“Blue Car,” first-time feature director Karen Moncrieff’s critical hit at Sundance 2002, was the first film bought out of the festival by indie rainmaker Miramax Studios, for a reported US$1.5 million dollars. Moncrieff said that Final Cut Pro and Cinema Tools were the “primary engines” of the film, which had a Final Cut Pro-based production workflow
“Blue Car” features an 18-year-old aspiring poet who draws support from her high-school English teacher while sharing a home with a shutdown mother, self-mutilating sister and the memory “of happier times with the father who abandoned them,” according to an Apple Hot News article.
Producer David Waters designed flexible offline and online stations around two Power Mac G4s, an Aurora Igniter card, Final Cut Pro and Cinema Tools. These systems allowed him to shoot on film, edit on video and finish as needed when a distribution deal was struck.

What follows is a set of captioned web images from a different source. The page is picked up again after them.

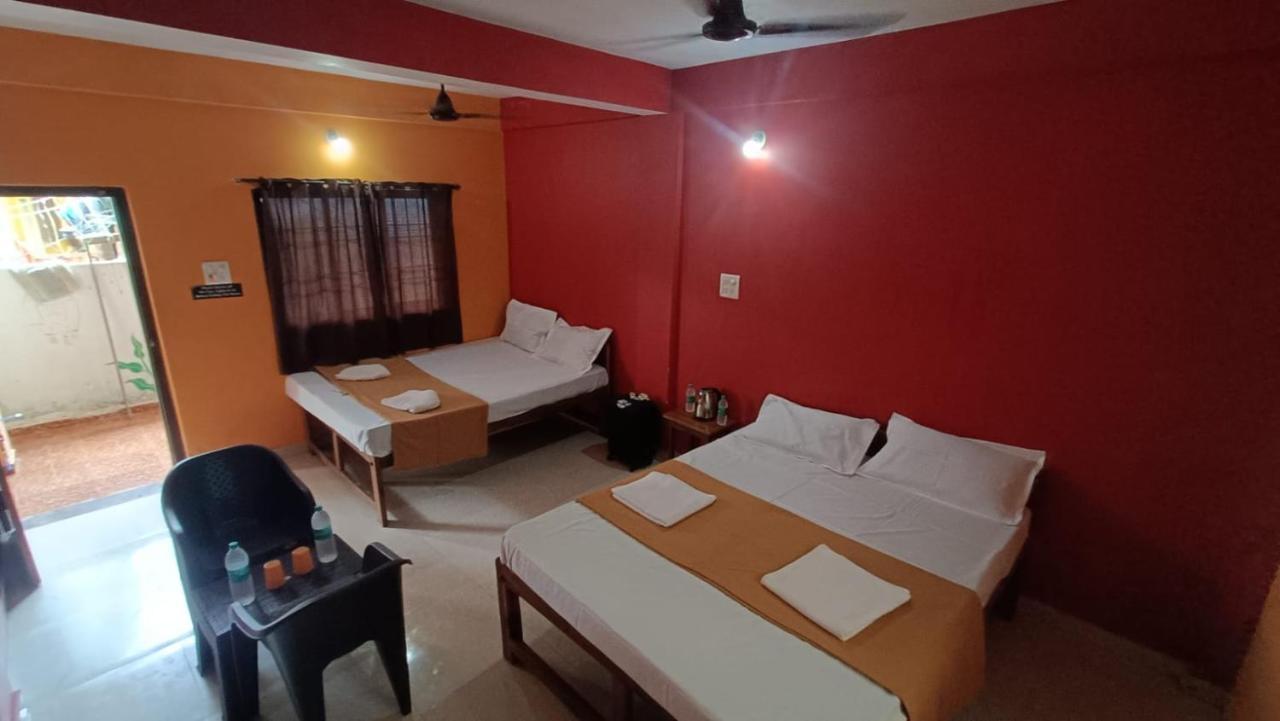 The Boss House Hotel Arambol Ngoại thất bức ảnh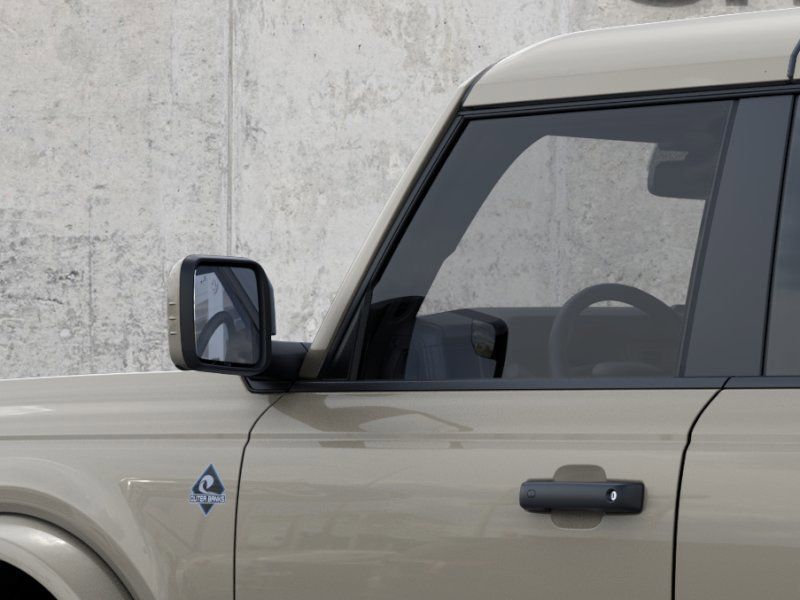 2026 Ford Bronco Outer Banks Richmond VA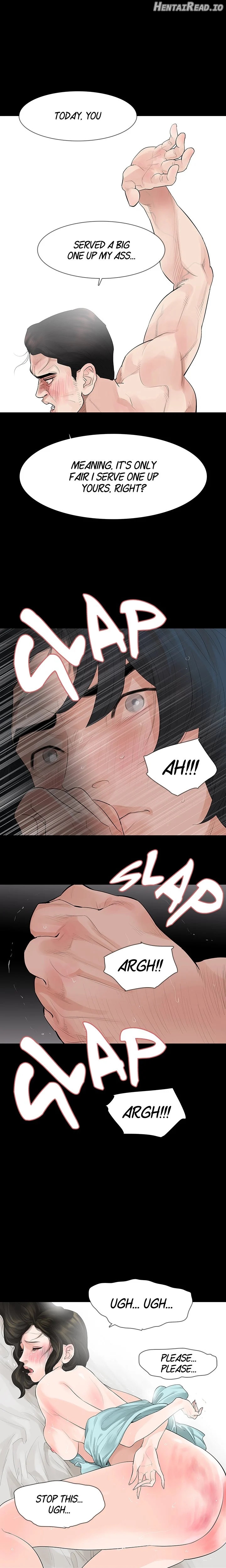 Playing With Fire Chapter 36 - page 12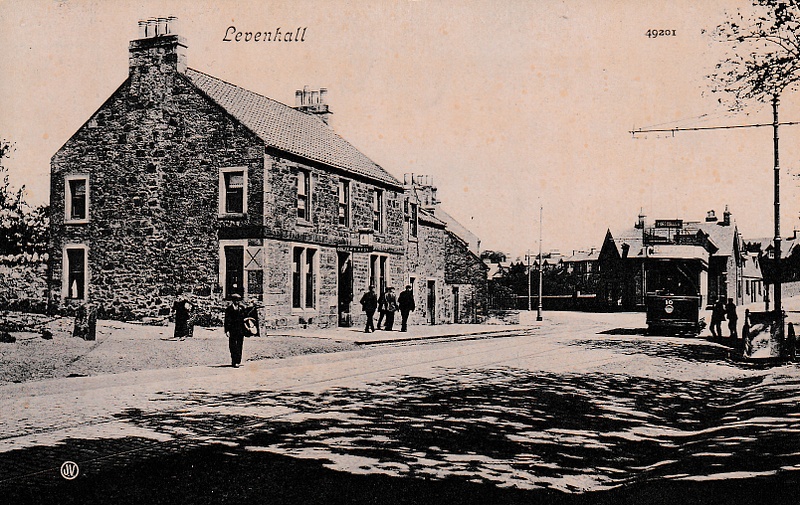 Levenhall, Musselburgh, East Lothian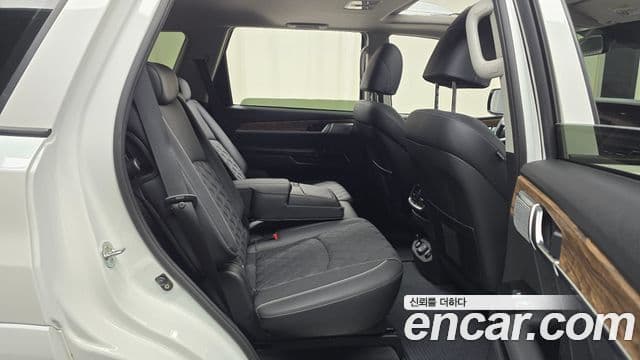 Kia Mohave The / новый Master Masters, 2021 12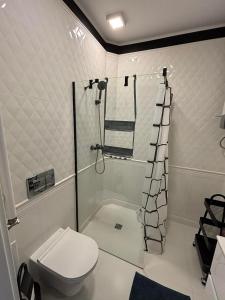 Apartament nad jeziorem Czos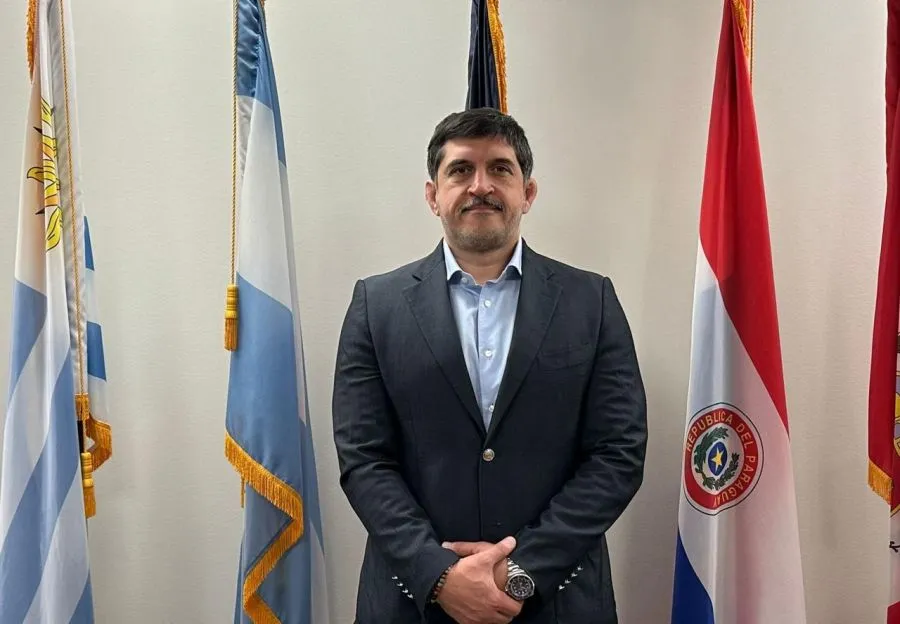 مدار الساعة,أخبار اقتصادية,زيد ميرزا,غرفة تجارة وصناعة أمريكا الجنوبية والأمريكيتين,ميركوسول,زيد ميرزا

“Final Cut Pro was an economical decision, but one of the nicest things for us is that we were getting to look at uncompressed materials,” said Moncrieff. “So it was beautiful the whole way.”
To qualify for Sundance, the production had submitted a Digital Beta online master. But to play the festival, they needed to ship a film print in just three weeks. Waters had set up for just such an eventuality, but a late decision by Moncrieff to insert an additional title sequence to the online version meant it no longer matched the offline version. The “true” online Digital Beta version lacked the edgecode numbers required to produce a lockbox copy for the negative cutters, but the offline DV version no longer reflected the final cut.
Using Cinema Tools and taking advantage of the QuickTime media format, Waters was able to reconnect his online and offline media and produce both a correct online version with edgecode numbers and a true cut list. The film print of “Blue Car” just beat the Sundance deadline. The film is scheduled to open in New York and Los Angeles in early November.